Ella le apoyó la mano en el brazo.
—Cálmate. Ellos se darán cuenta.
Hari no sabía que sentía tanto apasionamiento. El Imperio era orden, y aquí…
—Académico Seldon, háganos el honor de reunirse con algunos de nuestros neorrenacentistas más ilustres. —Buta Fyrnix le cogió la manga y lo llevó hacia la recepción—. Tienen mucho que contarle.

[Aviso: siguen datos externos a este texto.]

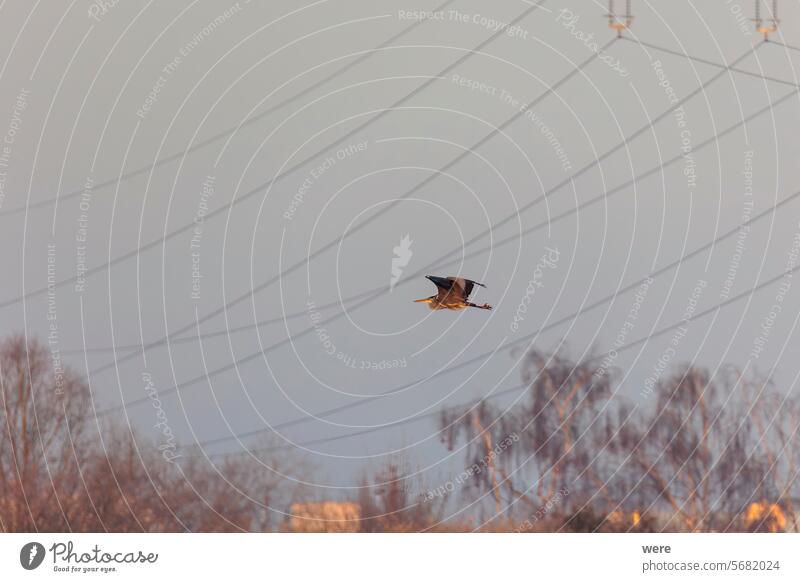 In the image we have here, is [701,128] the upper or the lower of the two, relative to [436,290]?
upper

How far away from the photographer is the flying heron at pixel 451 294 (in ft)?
76.2

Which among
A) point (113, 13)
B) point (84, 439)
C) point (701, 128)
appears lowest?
point (84, 439)

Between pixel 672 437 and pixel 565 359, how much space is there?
185 centimetres

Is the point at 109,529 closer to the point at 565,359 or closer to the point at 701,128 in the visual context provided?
the point at 565,359

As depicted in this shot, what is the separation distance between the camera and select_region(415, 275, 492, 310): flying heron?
76.2 feet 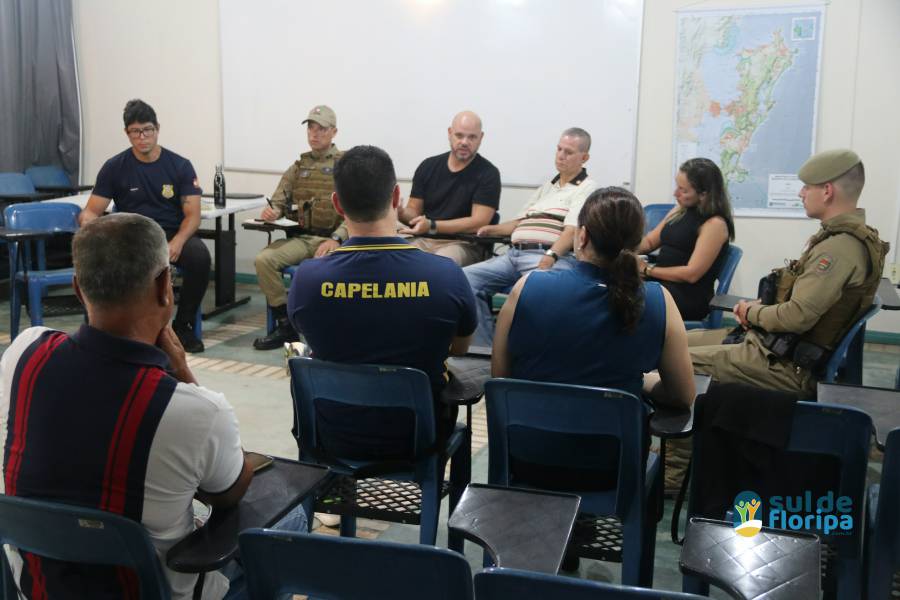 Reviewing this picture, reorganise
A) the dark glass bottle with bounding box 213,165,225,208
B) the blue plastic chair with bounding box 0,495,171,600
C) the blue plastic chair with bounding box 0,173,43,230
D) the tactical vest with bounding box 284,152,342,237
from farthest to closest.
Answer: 1. the blue plastic chair with bounding box 0,173,43,230
2. the dark glass bottle with bounding box 213,165,225,208
3. the tactical vest with bounding box 284,152,342,237
4. the blue plastic chair with bounding box 0,495,171,600

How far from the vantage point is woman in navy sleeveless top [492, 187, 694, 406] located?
7.30 ft

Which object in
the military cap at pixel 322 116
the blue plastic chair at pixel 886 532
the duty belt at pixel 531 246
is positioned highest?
the military cap at pixel 322 116

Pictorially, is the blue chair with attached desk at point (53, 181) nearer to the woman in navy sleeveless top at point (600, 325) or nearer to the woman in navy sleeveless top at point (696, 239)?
the woman in navy sleeveless top at point (696, 239)

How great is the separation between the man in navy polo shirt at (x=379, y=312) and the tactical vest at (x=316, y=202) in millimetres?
3094

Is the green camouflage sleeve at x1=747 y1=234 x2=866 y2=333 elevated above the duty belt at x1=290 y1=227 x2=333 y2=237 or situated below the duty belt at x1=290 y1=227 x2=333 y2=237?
above

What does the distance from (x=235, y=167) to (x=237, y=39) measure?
0.94 m

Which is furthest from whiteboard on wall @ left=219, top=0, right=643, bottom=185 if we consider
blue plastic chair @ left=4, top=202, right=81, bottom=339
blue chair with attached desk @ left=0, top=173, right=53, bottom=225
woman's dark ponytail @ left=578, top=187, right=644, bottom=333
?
woman's dark ponytail @ left=578, top=187, right=644, bottom=333

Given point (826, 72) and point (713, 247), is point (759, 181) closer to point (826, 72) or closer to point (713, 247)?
point (826, 72)

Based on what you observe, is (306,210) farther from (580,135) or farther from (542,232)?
(580,135)

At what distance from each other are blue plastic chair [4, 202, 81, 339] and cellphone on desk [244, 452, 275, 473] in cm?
352

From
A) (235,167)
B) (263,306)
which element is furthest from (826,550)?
(235,167)

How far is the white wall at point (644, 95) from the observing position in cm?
526

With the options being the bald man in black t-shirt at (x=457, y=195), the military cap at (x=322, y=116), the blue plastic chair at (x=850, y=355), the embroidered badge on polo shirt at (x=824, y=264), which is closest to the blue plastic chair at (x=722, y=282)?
the blue plastic chair at (x=850, y=355)

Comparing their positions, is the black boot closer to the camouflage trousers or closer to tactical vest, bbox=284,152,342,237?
tactical vest, bbox=284,152,342,237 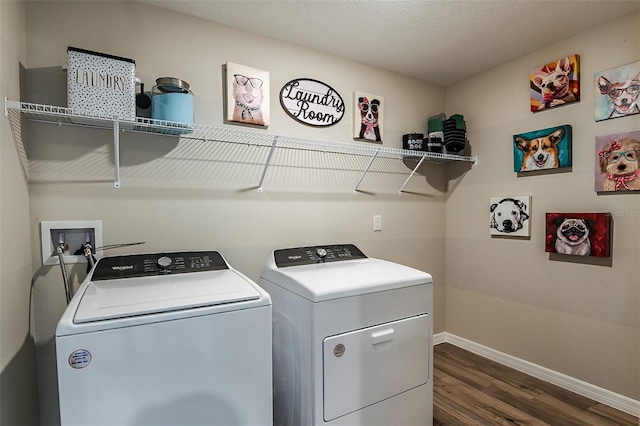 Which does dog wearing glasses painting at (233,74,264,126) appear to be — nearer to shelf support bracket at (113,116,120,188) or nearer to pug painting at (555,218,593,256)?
shelf support bracket at (113,116,120,188)

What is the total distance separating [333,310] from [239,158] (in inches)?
42.3

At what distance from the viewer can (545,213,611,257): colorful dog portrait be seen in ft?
6.19

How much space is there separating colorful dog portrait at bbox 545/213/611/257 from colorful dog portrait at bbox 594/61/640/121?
1.94 feet

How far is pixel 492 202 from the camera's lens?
2.48m

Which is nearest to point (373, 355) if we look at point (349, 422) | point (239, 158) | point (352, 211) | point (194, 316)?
point (349, 422)

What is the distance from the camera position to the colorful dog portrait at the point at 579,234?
74.3 inches

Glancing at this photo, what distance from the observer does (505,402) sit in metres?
1.97

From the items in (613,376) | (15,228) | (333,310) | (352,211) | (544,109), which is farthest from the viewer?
(352,211)

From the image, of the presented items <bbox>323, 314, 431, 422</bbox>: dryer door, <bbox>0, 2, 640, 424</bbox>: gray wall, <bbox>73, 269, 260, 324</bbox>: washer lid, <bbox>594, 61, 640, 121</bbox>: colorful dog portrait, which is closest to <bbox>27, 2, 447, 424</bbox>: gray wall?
<bbox>0, 2, 640, 424</bbox>: gray wall

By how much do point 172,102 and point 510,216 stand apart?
7.62ft

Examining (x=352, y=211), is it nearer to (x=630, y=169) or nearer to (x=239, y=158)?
(x=239, y=158)

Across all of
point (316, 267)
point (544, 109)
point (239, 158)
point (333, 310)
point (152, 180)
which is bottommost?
point (333, 310)

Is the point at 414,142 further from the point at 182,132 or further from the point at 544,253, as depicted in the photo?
the point at 182,132

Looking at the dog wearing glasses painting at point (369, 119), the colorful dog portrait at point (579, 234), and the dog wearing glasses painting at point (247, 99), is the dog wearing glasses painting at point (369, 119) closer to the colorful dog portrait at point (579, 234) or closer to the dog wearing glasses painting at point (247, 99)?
the dog wearing glasses painting at point (247, 99)
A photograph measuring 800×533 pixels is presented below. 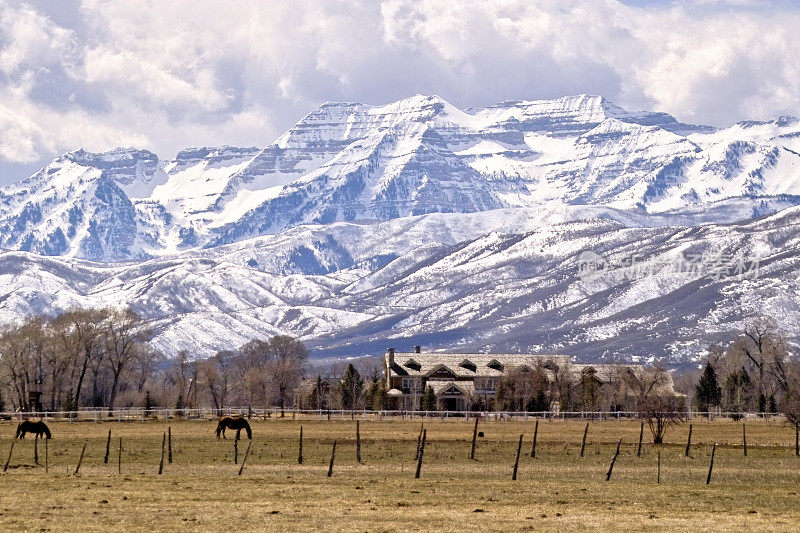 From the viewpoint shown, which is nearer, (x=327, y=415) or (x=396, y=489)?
(x=396, y=489)

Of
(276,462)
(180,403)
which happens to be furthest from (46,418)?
(276,462)

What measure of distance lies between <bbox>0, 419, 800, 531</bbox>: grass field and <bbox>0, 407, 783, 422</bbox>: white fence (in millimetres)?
56070

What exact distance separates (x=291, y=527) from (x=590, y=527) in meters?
10.7

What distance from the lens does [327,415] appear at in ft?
580

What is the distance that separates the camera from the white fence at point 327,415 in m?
165

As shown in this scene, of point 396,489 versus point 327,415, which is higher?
point 327,415

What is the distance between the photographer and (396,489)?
6712 centimetres

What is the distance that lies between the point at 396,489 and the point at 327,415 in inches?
4338

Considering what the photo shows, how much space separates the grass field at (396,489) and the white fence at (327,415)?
56070 millimetres

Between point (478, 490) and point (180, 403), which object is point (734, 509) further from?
point (180, 403)

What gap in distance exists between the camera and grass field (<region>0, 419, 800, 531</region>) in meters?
55.7

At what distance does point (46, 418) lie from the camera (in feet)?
529

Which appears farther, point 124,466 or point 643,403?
point 643,403

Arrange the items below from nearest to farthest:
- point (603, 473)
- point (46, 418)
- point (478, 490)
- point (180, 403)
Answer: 1. point (478, 490)
2. point (603, 473)
3. point (46, 418)
4. point (180, 403) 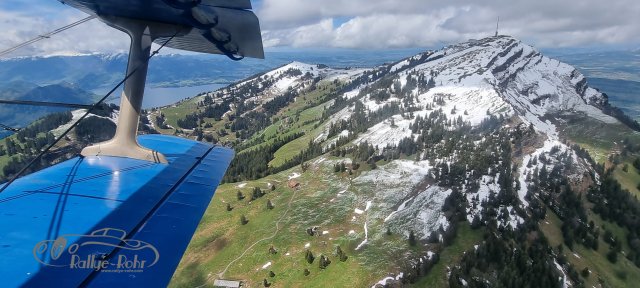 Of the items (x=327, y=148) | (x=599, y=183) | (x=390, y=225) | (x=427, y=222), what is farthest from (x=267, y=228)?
(x=599, y=183)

Y pensar que él había querido ir allí. Aprender por qué aquí fallaban los amortiguadores que mantenían estables otros mundos. Ver el fermento, aspirar el olor del cambio. Abundaban las discusiones apasionadas, las obras de arte audaces, los hombres y mujeres excéntricos consagrados a proyectos ambiciosos. Había visto todo esto a vertiginosa velocidad.
Pero era demasiado. Algo se rebelaba en su interior. La náusea que había sufrido en las calles era síntoma de una revulsión más profunda y visceral.
Buta Fyrnix seguía parloteando.
—Algunas de nuestras mentes más brillantes ansían conocerlo. Venga.
Reprimió un gruñido y miró a Dors con aire de súplica. Ella sonrió y sacudió la cabeza. Dors no podía salvarlo de ese riesgo.